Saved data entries

☆ ☆ ☆ ☆

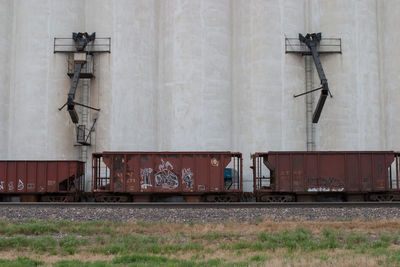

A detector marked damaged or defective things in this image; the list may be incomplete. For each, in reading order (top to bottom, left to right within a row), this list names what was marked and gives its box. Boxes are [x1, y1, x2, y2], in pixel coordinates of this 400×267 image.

rusty metal [0, 161, 83, 199]
rusty metal [93, 152, 244, 200]
rusty metal [253, 152, 400, 202]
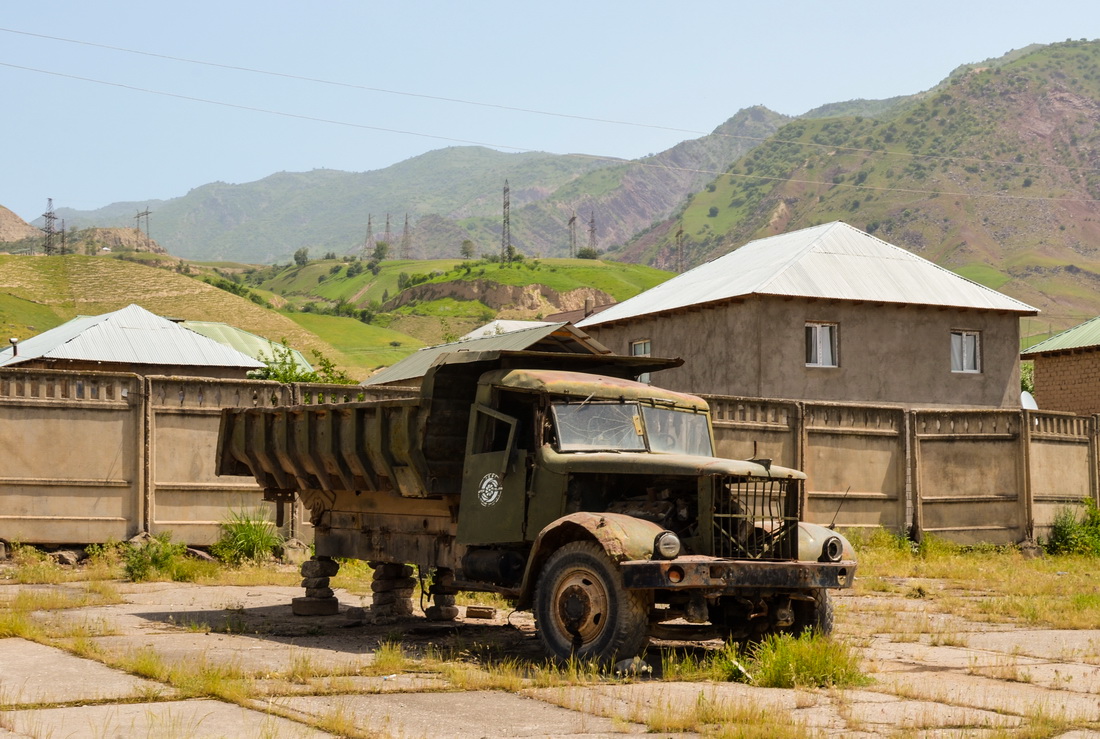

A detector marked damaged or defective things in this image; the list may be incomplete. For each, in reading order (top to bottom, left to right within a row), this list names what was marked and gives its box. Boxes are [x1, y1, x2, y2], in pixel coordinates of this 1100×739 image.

abandoned military truck [216, 352, 852, 664]
corroded engine grille [716, 476, 804, 556]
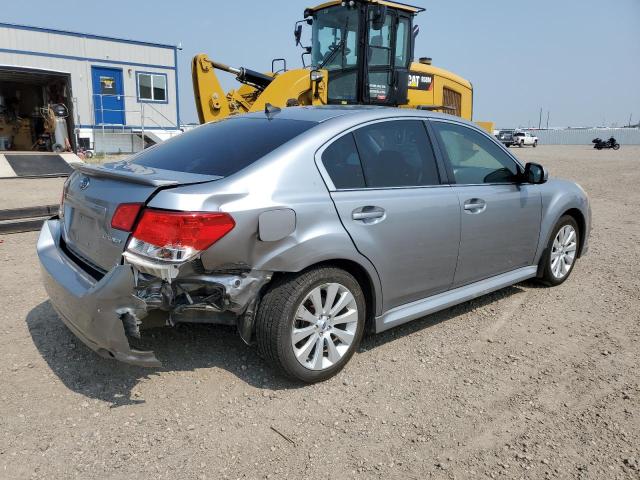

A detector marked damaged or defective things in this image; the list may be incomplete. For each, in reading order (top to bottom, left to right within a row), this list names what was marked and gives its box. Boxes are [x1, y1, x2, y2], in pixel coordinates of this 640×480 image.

☆ ☆ ☆ ☆

ABOUT THIS EXERCISE:
The answer must be the lines above from the line that contains "this 1100×739 image." to the final line of the data, word for word, with no pictures.

WRITTEN ANSWER:
A detector marked damaged or defective things in this image; the list may be incomplete. For each, in reading order (top to bottom, left to right within a row), this list names what was marked and gives its box. Boxes are [x1, y1, x2, y2], in pixel coordinates of this 1100×739 image.

abandoned military truck [216, 352, 852, 664]
corroded engine grille [716, 476, 804, 556]

A detector marked damaged or defective things in this image; the list may be incomplete. For each, in reading order (top to bottom, left to right within a row), this list names what was marked and gives its box. Boxes are [x1, y1, x2, y2], in pixel coordinates of this 640×480 image.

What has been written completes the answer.